Moskow (ANTARA News) - Pengadilan Rusia pada Jumat memerintahkan pelarangan terhadap aplikasi pengirim pesan Telegram dengan alasan mengganggu komunikasi sejumlah pejabat pemerintahan.

Keputusan itu dikeluarkan satu pekan setelah lembaga pengawas komunikasi di Rusia mengajukan gugatan hukum untuk membatasi akses terhadap Telegram, menyusul penolakan perusahaan tersebut menyerahkan data pengguna kepada badan keamanan negara Rusia, demikian laporan kantor berita Reuters.

Dengan jumlah pengguna lebih dari 200 juta orang di seluruh dunia, Telegram menyediakan layanan komunikasi melalui pesan tersandi, yang tidak bisa dibaca pihak ketiga, termasuk petugas pemerintahan.

Baca juga: Telegram capai 200 juta pengguna aktif bulanan

Duvrov Pavel, pendiri Telegram, berulangkali menegaskan bahwa perusahaannya tidak akan menyerahkan kunci penyandiannya kepada petugas Rusia karena mereka bertekad tidak membagi data rahasia pengguna kepada siapa pun.

Di Rusia, Telegram menjadi aplikasi yang semakin banyak digunakan bagi pengguna komputer maupun gawai, dan bukan hanya bagi masyarakat biasa, tetapi juga oleh pejabat pemerintahan.

Kremlin menggunakan Telegram untuk mengkoordinasikan waktu konferensi rutin jarak jauh dengan juru bicara Presiden Vladimir Putin, sementara banyak pejabat pemerintahan yang menggunakan aplikasi yang sama untuk berkomunikasi dengan media.

Saat Reuters bertanya kepada seorang pejabat pemerintahan Rusia terkait bagaimana mereka akan menjalankan tugas sehari-hari tanpa Telegram, sumber itu menjawab dengan mengirim tangkapan layar (screenshot) gawainya yang menunjukkan aplikasi jaringan virtual pribadi (virtual private network/VPN).

Pengguna di Rusia secara aktif menggunakan VPN dan sejumlah teknologi lainnya, yang membuat mereka bisa mengakali restriksi dan pemblokiran oleh otoritas Rusia.

Baca juga: Telegram tambah fitur baru di Android

Telegram saat ini menjadi jaringan kedua dunia, setelah LinkedIn, yang dilarang Rusia.

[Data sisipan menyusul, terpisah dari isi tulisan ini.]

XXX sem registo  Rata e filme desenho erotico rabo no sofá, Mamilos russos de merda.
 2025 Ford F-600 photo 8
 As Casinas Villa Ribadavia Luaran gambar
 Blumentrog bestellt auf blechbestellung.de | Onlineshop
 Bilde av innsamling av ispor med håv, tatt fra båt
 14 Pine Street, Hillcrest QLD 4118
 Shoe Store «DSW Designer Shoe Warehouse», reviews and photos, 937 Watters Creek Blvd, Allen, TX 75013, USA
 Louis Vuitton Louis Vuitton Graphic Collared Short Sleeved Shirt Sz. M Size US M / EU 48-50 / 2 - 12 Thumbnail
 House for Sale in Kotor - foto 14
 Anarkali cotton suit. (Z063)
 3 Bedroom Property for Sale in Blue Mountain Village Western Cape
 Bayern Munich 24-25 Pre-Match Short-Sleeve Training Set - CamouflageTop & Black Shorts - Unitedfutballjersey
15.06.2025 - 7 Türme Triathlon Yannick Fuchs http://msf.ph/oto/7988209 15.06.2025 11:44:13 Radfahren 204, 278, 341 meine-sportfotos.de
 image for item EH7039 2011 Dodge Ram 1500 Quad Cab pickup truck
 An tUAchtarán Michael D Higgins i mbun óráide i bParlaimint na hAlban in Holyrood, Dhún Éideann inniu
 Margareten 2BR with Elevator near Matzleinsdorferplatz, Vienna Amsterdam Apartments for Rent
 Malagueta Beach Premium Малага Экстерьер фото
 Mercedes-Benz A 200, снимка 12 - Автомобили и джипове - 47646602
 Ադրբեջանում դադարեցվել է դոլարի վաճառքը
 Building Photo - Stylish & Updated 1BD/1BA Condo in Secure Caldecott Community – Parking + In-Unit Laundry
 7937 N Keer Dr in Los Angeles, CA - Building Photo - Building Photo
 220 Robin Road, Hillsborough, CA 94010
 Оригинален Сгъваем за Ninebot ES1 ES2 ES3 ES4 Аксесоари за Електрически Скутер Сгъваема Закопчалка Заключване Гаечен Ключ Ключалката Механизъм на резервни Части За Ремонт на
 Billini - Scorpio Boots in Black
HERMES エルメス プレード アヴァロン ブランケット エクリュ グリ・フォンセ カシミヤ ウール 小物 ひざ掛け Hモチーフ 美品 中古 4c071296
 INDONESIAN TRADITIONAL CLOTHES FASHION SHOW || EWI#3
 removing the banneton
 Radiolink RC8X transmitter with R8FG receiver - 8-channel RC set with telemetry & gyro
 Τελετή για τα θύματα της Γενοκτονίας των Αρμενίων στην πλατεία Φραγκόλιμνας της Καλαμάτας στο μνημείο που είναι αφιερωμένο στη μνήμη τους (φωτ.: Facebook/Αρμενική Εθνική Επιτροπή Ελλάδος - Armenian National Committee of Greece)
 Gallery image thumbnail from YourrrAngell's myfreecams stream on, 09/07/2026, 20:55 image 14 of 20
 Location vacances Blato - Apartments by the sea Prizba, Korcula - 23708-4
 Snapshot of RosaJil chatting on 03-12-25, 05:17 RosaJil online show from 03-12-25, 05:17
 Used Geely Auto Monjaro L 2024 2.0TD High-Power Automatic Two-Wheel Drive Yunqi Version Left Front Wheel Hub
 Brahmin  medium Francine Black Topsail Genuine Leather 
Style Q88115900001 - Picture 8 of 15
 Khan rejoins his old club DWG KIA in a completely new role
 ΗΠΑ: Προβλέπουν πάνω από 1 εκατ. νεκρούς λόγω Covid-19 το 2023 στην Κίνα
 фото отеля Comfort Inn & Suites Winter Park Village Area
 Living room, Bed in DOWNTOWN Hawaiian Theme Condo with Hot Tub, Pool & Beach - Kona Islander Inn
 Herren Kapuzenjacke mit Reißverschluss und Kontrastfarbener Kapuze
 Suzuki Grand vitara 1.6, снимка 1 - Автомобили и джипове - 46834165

LinkedIn diblokir pada 2016 saat pengadilan di Negeri Beruang Merah itu menyatakan bahwa terjadi pelanggaran undang-undang yang mensyaratkan semua perusahaan untuk menyimpan data warga Rusia di dalam negeri.

Pelarangan terhadap Telegram di Rusia terjadi saat perusahaan itu tengah melakukan penawaran koin pertama, yang mirip dengan Bitcoin.

Telegram sejauh ini berhasil mengumpulkan 1,7 miliar dolar Amerika Serikat (AS) dalam penawaran pra-penjualan, demikian laporan sejumlah media.